- _What is expected_
With the pictures left out, return exactly the lines from the one containing "Метадон VHQ Каргополь" through the end of the listing below.

- _Provided material_
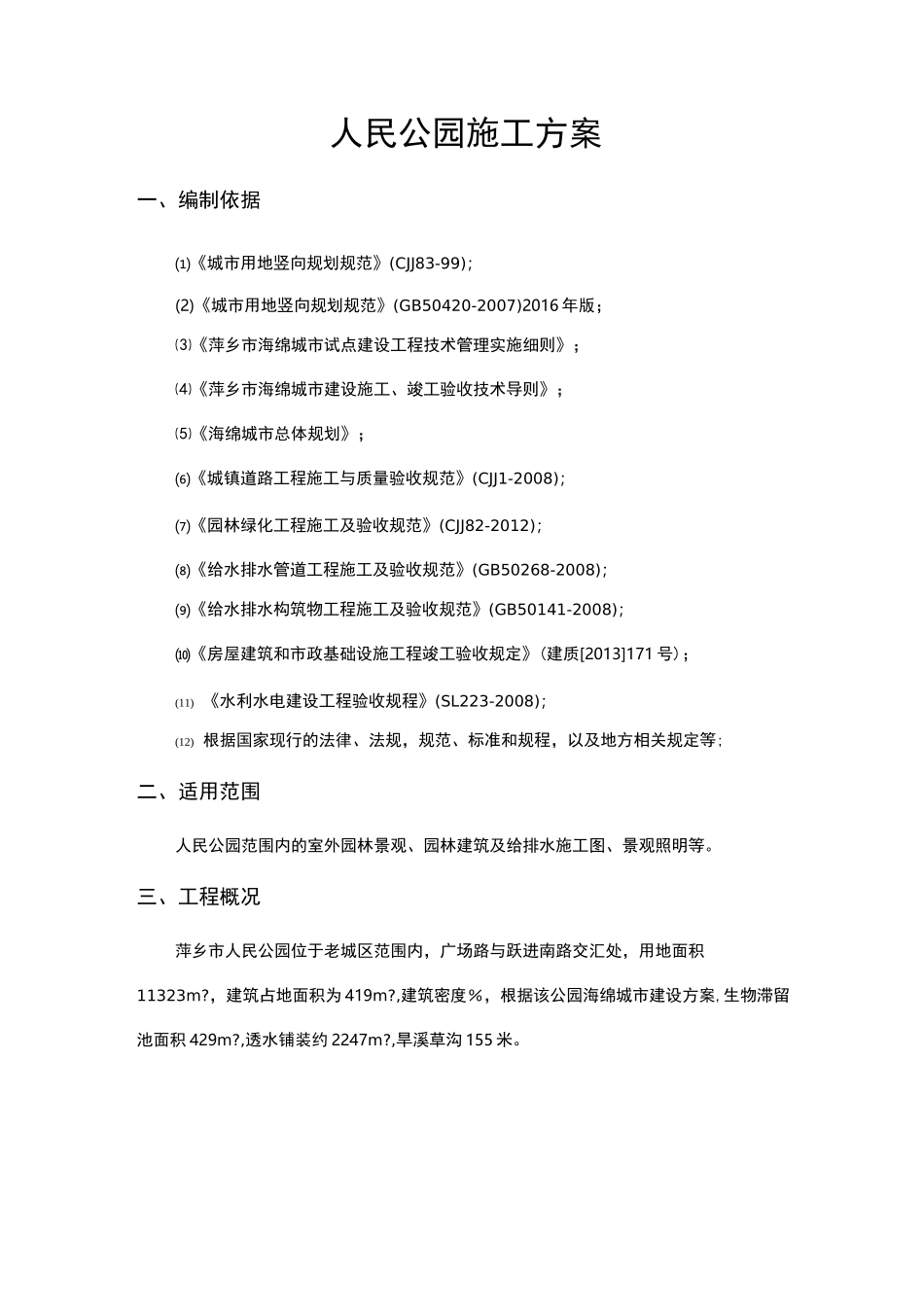 人民公园施工方案_第3页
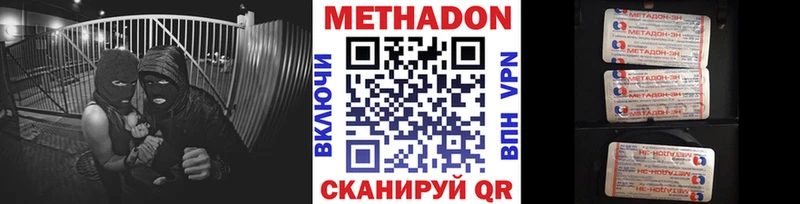 Метадон VHQ Каргополь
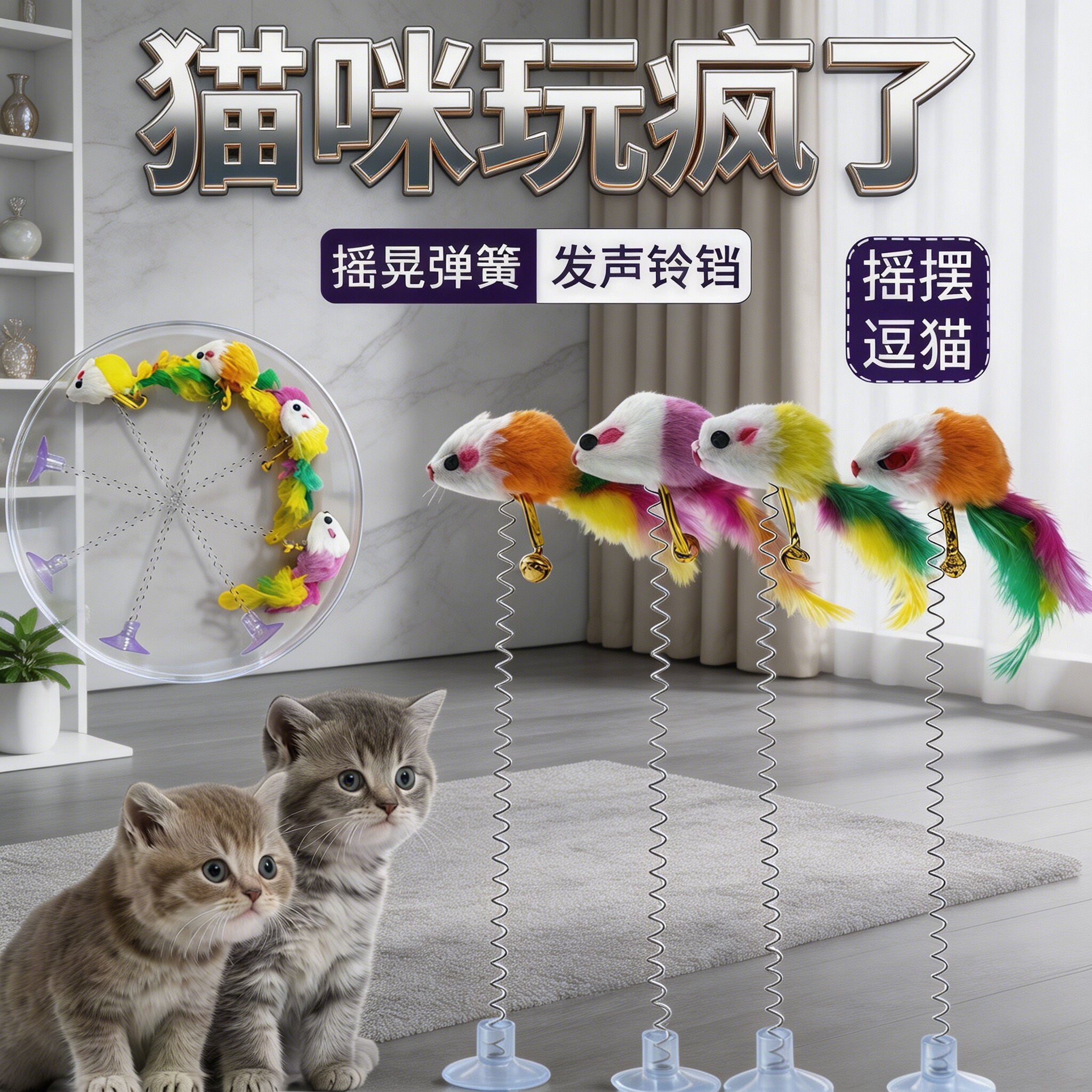 吸附式吸盘猫玩具弹簧老鼠带羽毛铃铛逗猫棒幼猫成猫自玩益智解闷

- _Task result_
 Метадон VHQ Каргополь
 吸附式吸盘猫玩具弹簧老鼠带羽毛铃铛逗猫棒幼猫成猫自玩益智解闷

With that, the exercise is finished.